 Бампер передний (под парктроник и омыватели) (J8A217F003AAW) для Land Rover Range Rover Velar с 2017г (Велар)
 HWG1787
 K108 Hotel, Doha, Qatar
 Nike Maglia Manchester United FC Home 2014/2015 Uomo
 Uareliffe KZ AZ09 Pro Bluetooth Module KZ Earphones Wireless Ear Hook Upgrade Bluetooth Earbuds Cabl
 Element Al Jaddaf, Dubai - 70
========================================
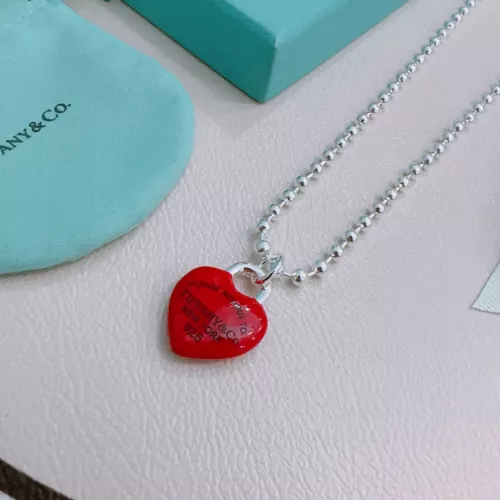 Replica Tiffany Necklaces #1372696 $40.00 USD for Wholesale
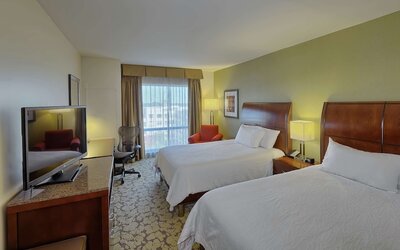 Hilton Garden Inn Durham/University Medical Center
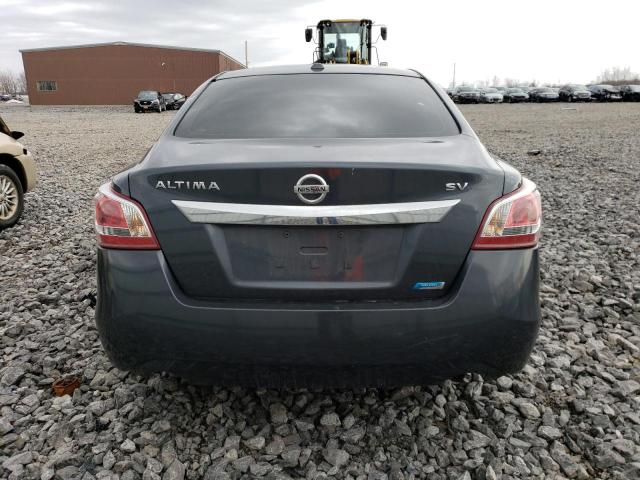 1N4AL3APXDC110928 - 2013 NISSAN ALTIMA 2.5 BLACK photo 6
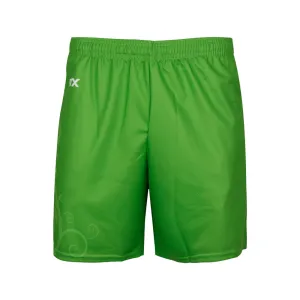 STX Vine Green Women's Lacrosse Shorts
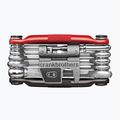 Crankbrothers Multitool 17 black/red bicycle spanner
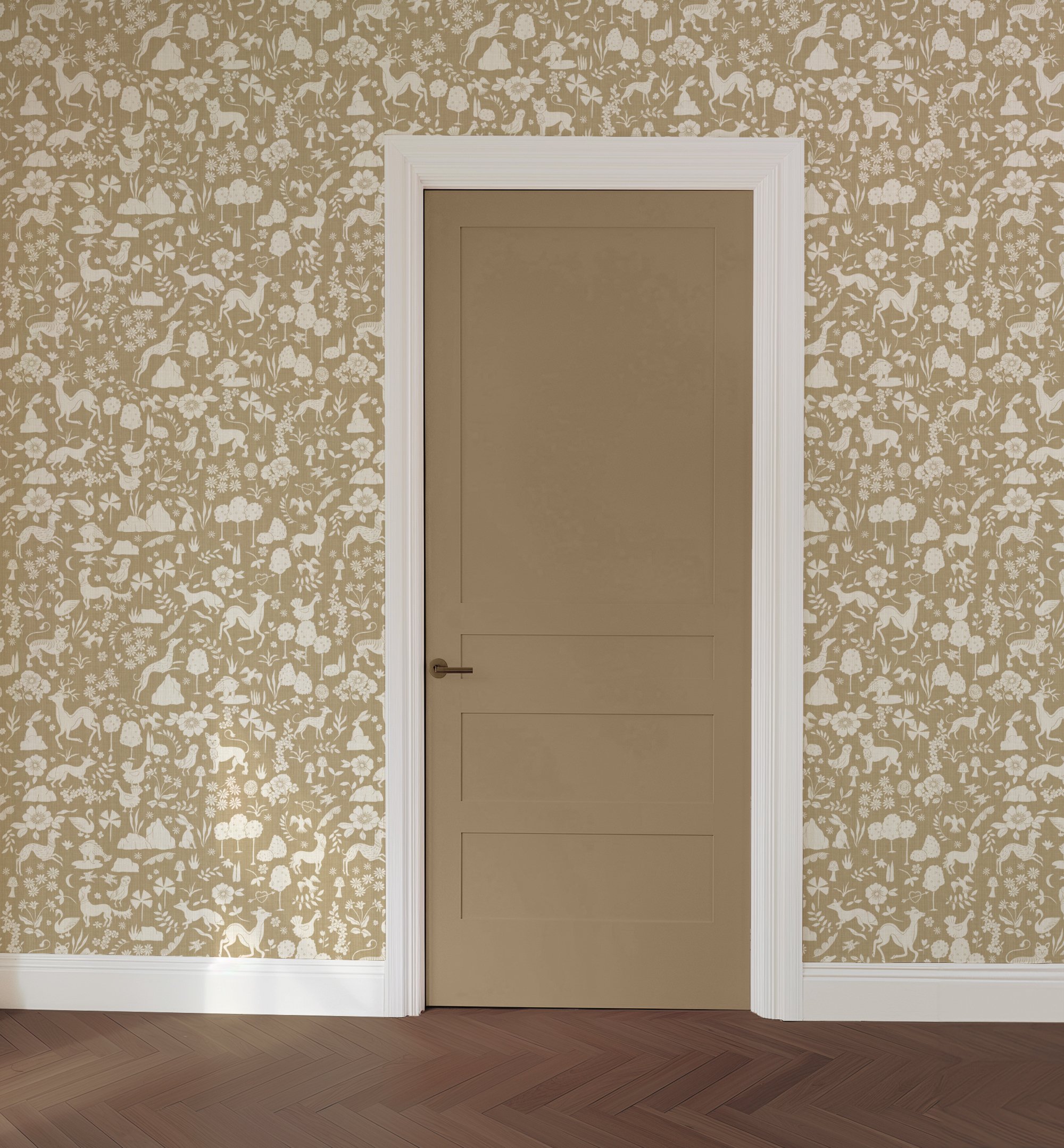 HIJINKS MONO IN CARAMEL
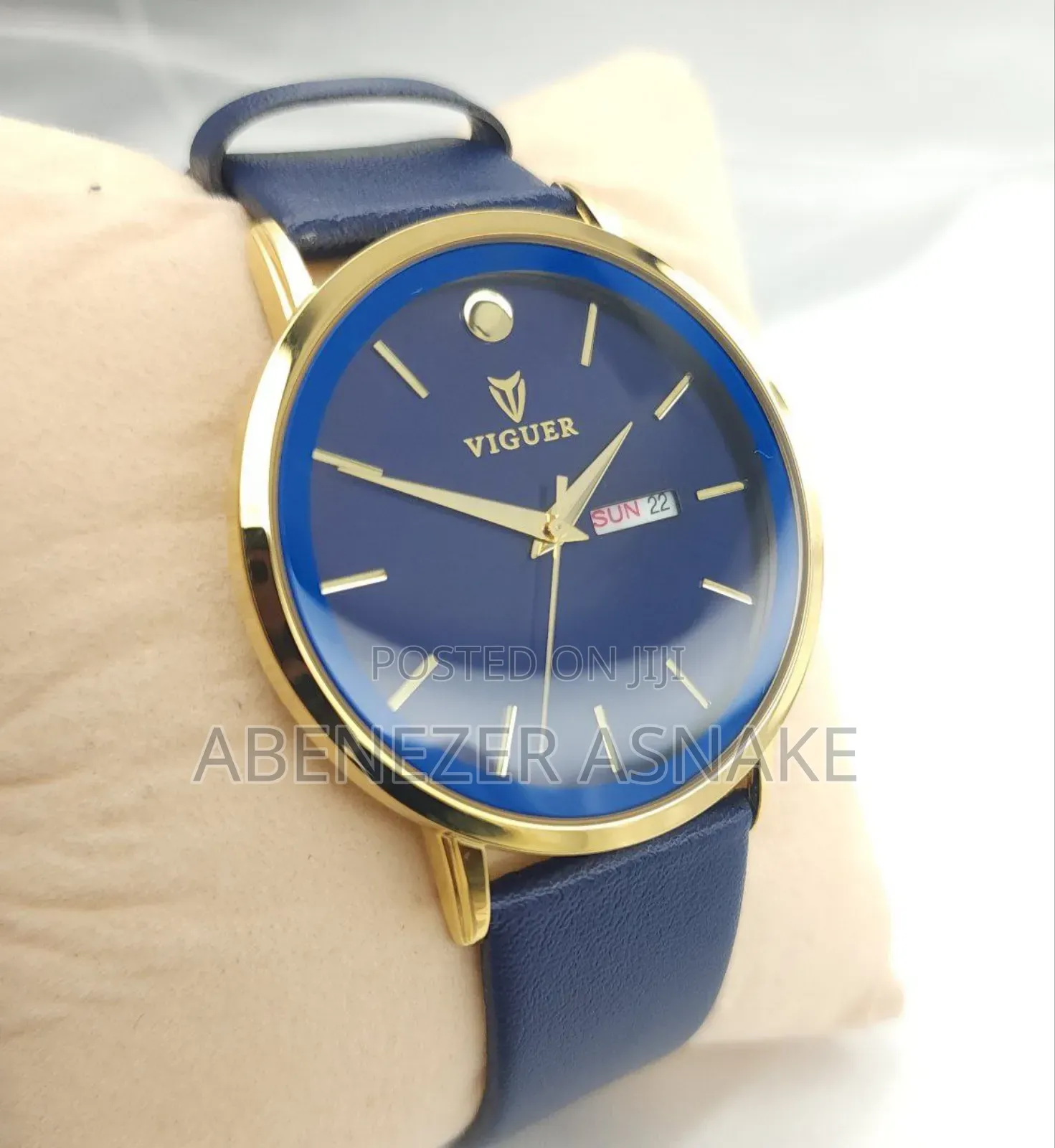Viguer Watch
========================================
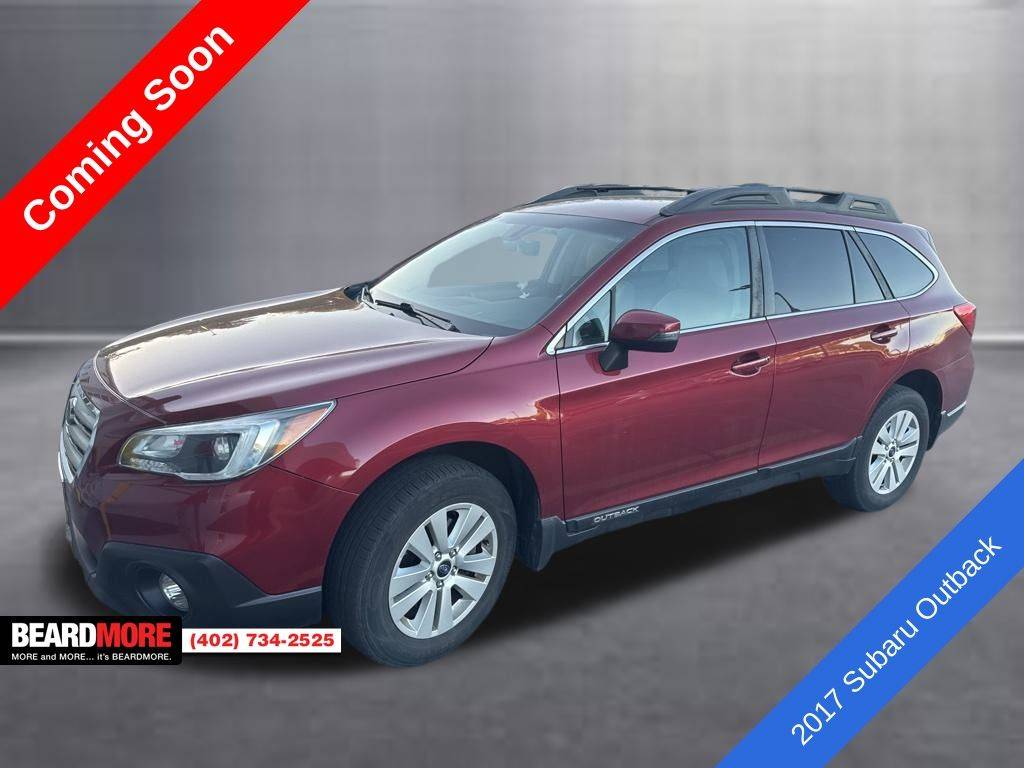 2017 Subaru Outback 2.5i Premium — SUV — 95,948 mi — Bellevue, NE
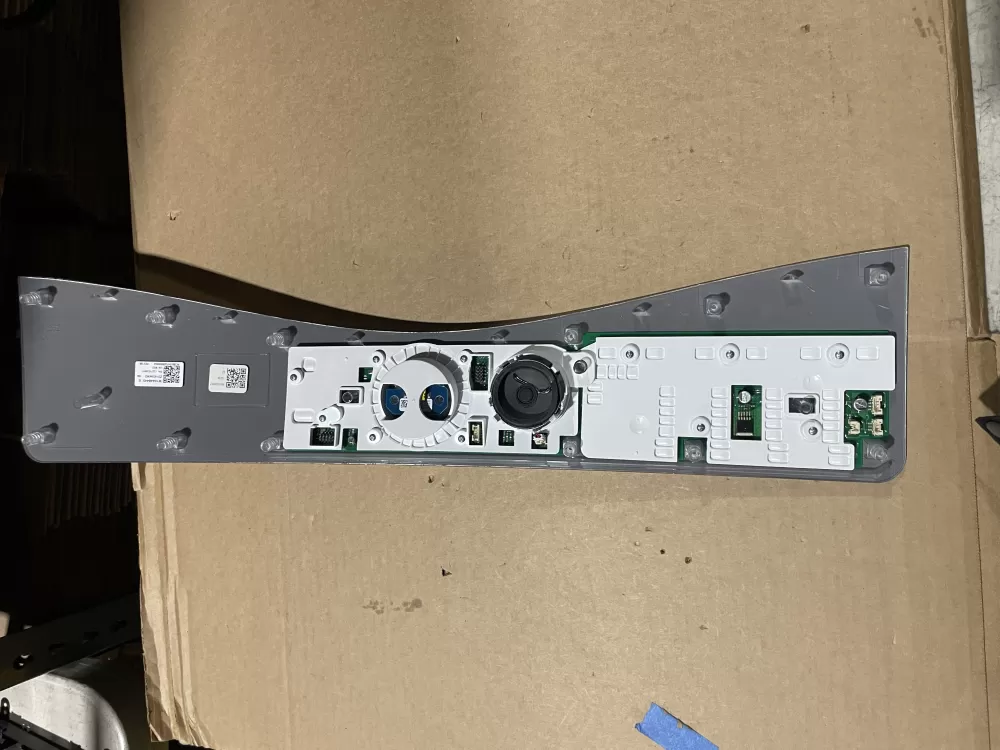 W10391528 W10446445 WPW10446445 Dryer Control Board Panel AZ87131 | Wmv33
========================================
**Activity:**
Go back to the listing above and reproduce, exactly, the stretch from the line bearing "STX Vine Green Women's Lacrosse Shorts" through the line bearing "Viguer Watch", without its pictures.

**Answer below:**
 STX Vine Green Women's Lacrosse Shorts
 Crankbrothers Multitool 17 black/red bicycle spanner
 HIJINKS MONO IN CARAMEL
Viguer Watch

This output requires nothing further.